В этот раз в карцер ко мне неожиданно пришел начальник тюрьмы Кузнецов с парой каких-то сопровождающих — я так и не узнал кто из них кто. Кузнецов явно ожидал от меня жалоб, скорее даже просьб, но я опять, как месяцев шесть назад в больнице, сказал, что письма большей частью пропадают, а уж о бредовых постановлениях, по которым меня сажают в карцер, говорить можно только с прокурором. Но он у вас, вероятно, свой, а поэтому жалоб я пока не пишу. Кузнецов явно ожидал чего-то другого и по смыслу и по интонации, хотя бы вопроса — «Ну что вам от меня нужно, зачем привязались». После чего можно было начать объяснения… но не дождался, неуклюже помялся в карцере и уходя сказал:
— Все это потом скажется на вашем здоровье.
Следующая камера была с двумя молодыми, довольно беспомощными зеками, одного из которых — Базилевского я даже помнил по сборке, когда нас привезли в тюрьму. Почему их посадили в малую неработающую камеру из явно положенных им рабочих камер, я не спрашивал, да и они явно не хотели рассказывать.
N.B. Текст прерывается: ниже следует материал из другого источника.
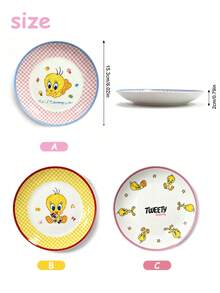 LOONEY TUNES X Joivida 1件陶瓷晚餐盤，可愛格子紋卡通印花圓形瓷盤組，微波爐適用彩色邊餐具，日系可愛裝飾甜點沙拉盤，適合兒童女孩粉絲禮物 - 彩色 - 查看 3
Зато я узнал в подробностях, какой режим царит в рабочих камерах.
Оказалось, что все бригадиры с двумя-тремя помощниками, как правило, напрямую сотрудничают с оперчастью, а, главное, следят за неукоснительным выполнением нормы выработки. Производственные показатели и, видимо, связанные с этим доходы очень важны для тюремного руководства. При этом нормы (мне рассказывали о шитье брезентовых рукавиц) очень высоки и трудны даже для молодых людей, которые и попадают сплошь на усиленный режим. От выполнения (а в лучшем случае и перевыполнения) нормы выработки зависит и величина ларька, возможность покупки хлеба, маргарина, карамели, сигарет «Дымок». А Верхнеуральск был голодной тюрьмой, самой голодной из всех СИЗО, тюрем и пересылок, которые я встречал. В ней и без того жалкий тюремный рацион был уменьшен примерно на треть — вместо баланды давалась прозрачная, розовая — видимо подкрашенная свеклой вода, в которой плавал один маленький кусочек картошки. Это и без того было очень тяжело для молодых людей, но если их еще и заставляли ежедневно тяжело работать — еда становилась основным, хотя и дополняемым безмерной жестокостью средством воспитания.